(ASSIGNMENT) Write out the lines of the material below exactly, beginning at the line with "I ÉNA ENFANT様限定商品🐇" and stopping after the line with "SBF Loves Coldplay?", and leave out the pictures.

(INFORMATION GIVEN)
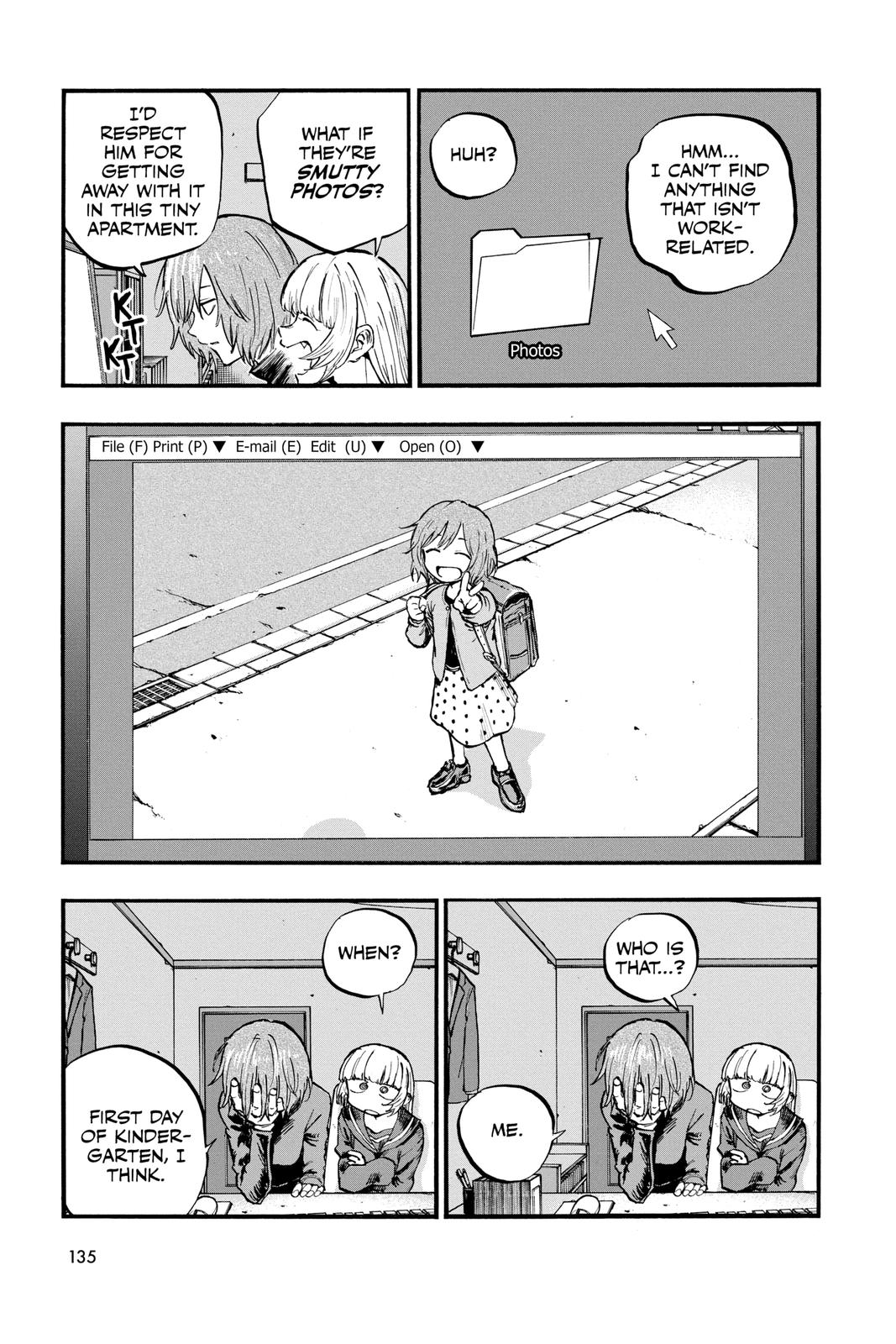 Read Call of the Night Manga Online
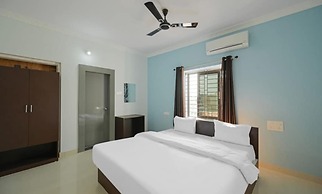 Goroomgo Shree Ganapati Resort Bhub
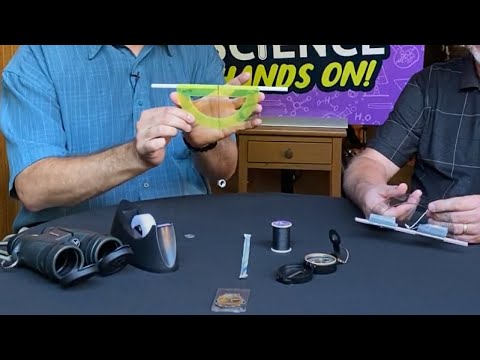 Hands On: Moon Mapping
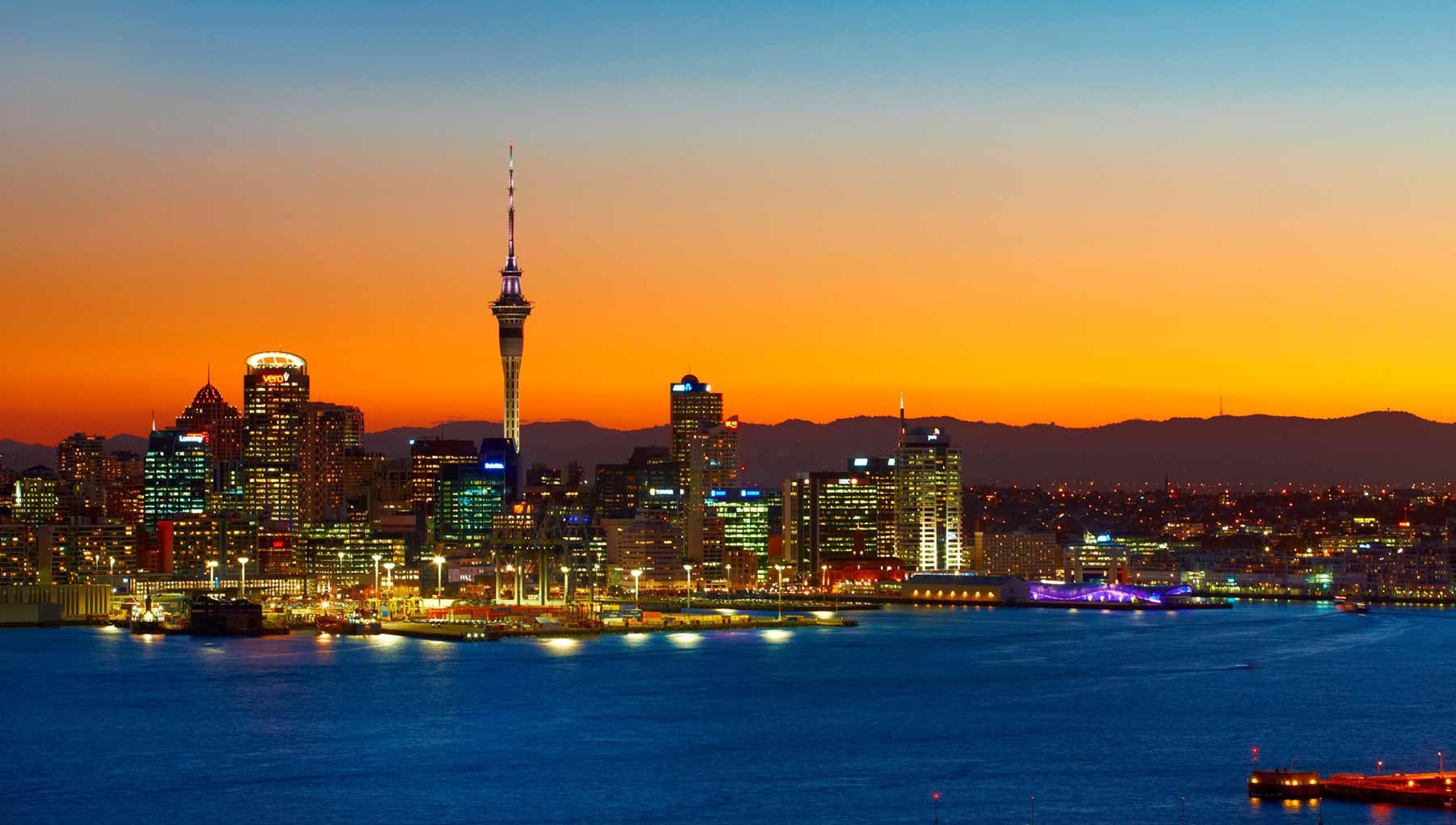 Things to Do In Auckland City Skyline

==

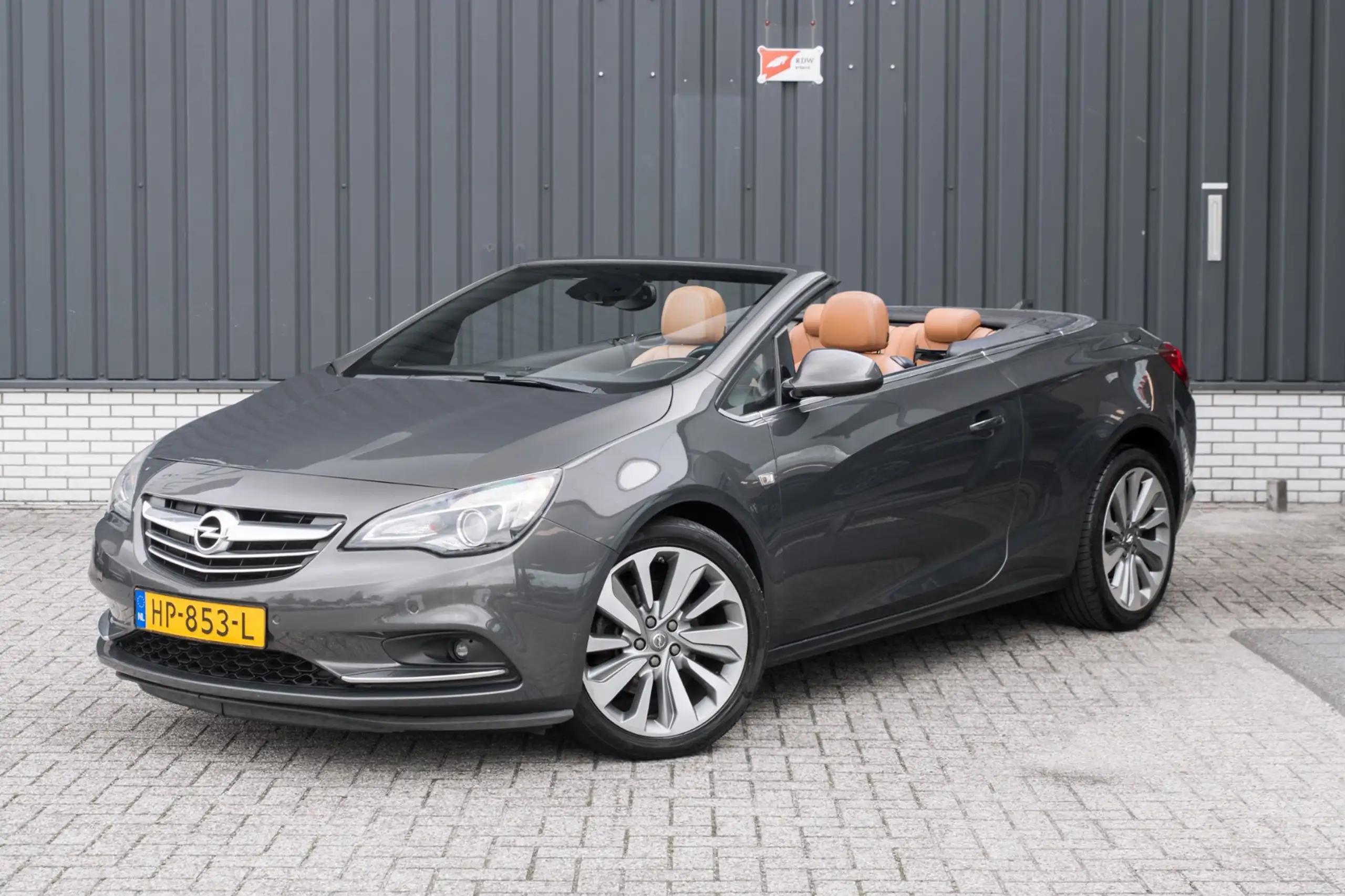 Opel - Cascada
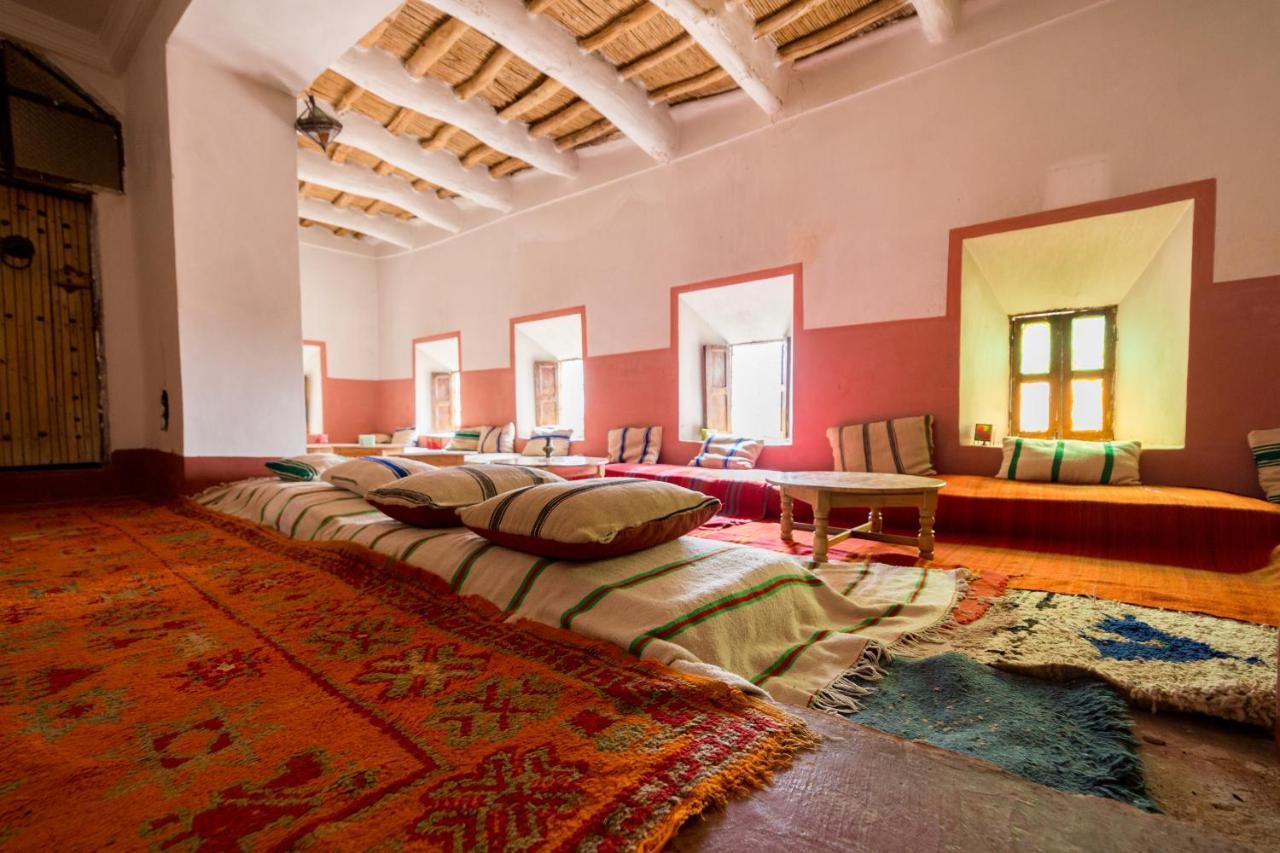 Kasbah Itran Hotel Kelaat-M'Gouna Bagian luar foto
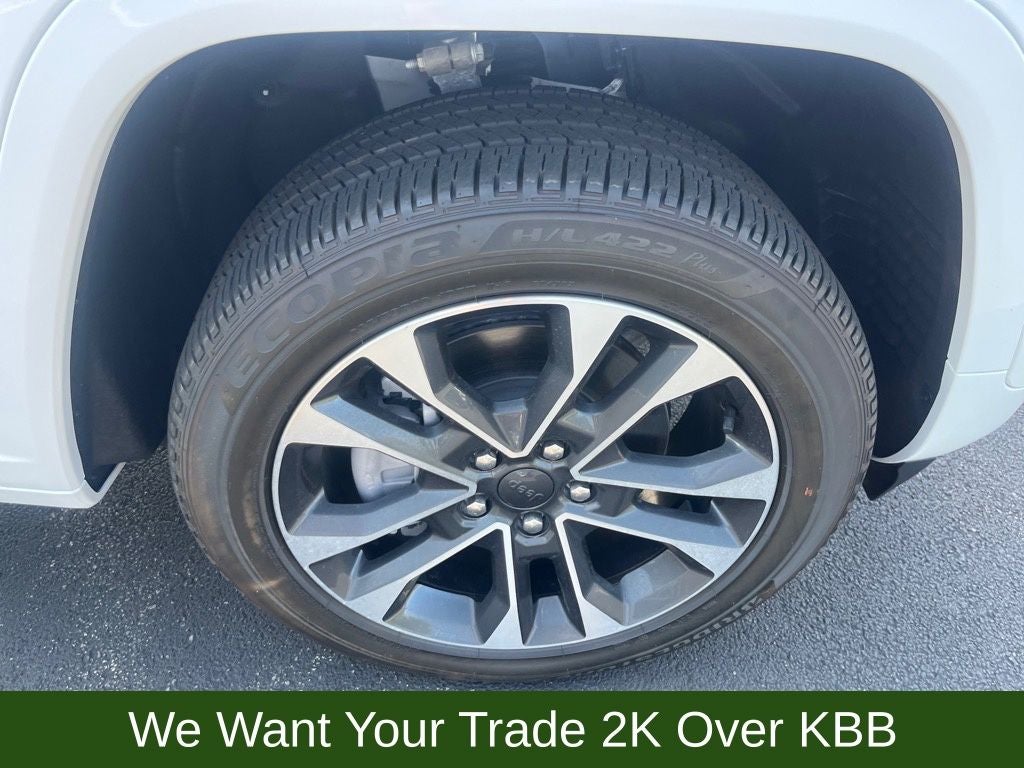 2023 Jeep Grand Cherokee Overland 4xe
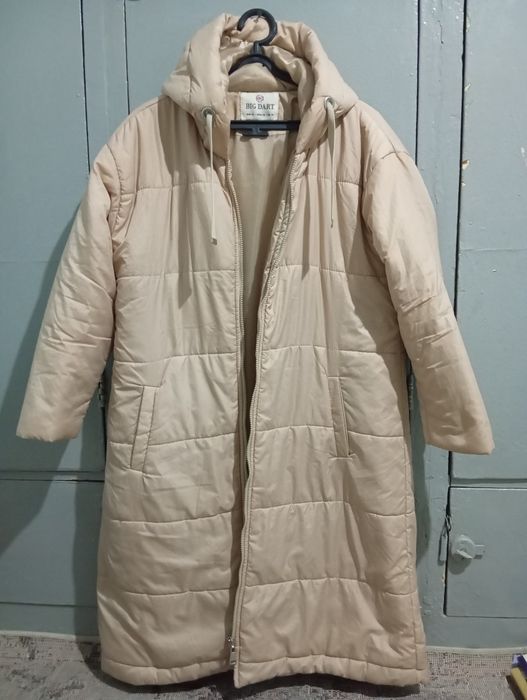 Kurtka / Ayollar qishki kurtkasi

* * *

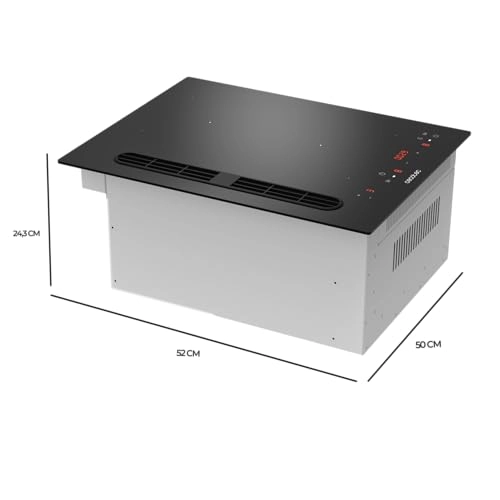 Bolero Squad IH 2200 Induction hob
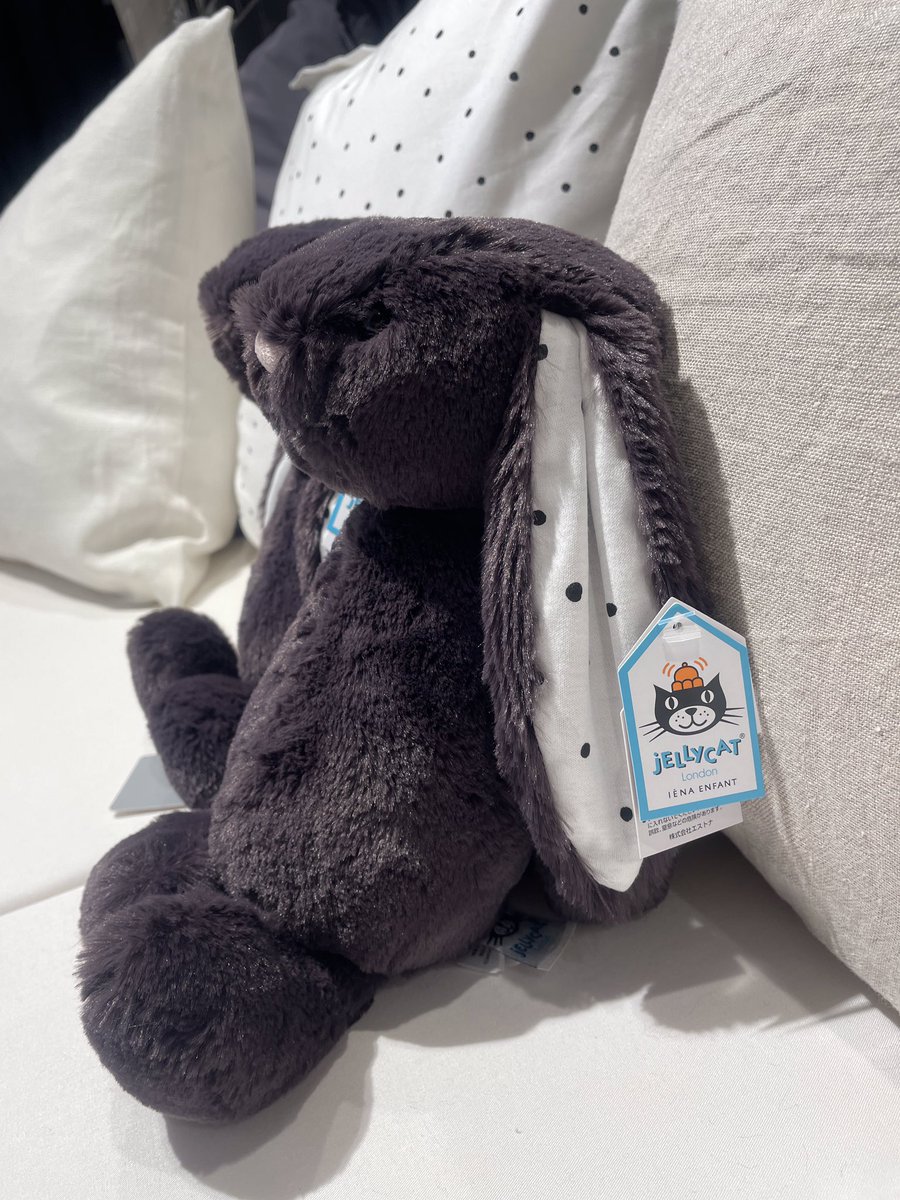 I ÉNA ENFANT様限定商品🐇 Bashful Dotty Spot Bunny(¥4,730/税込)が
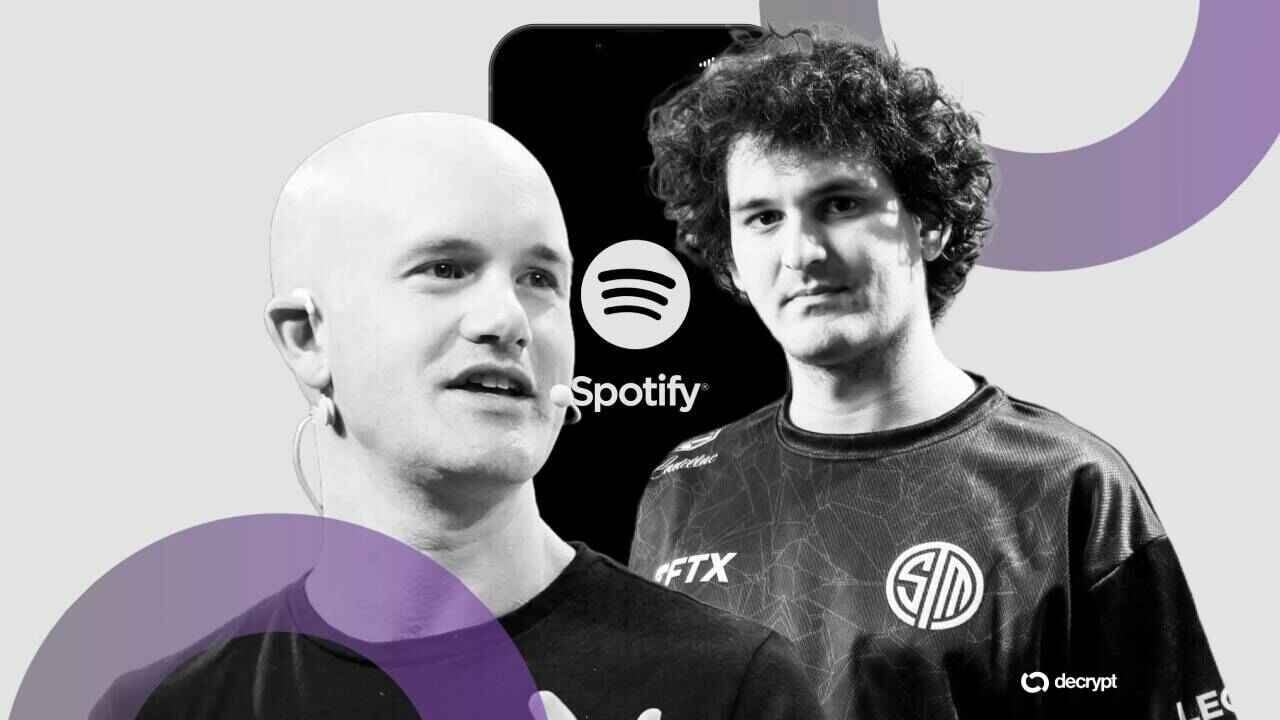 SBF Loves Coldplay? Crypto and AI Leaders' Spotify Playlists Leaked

(COMPLETED EXERCISE)
 I ÉNA ENFANT様限定商品🐇 Bashful Dotty Spot Bunny(¥4,730/税込)が
 SBF Loves Coldplay? Crypto and AI Leaders' Spotify Playlists Leaked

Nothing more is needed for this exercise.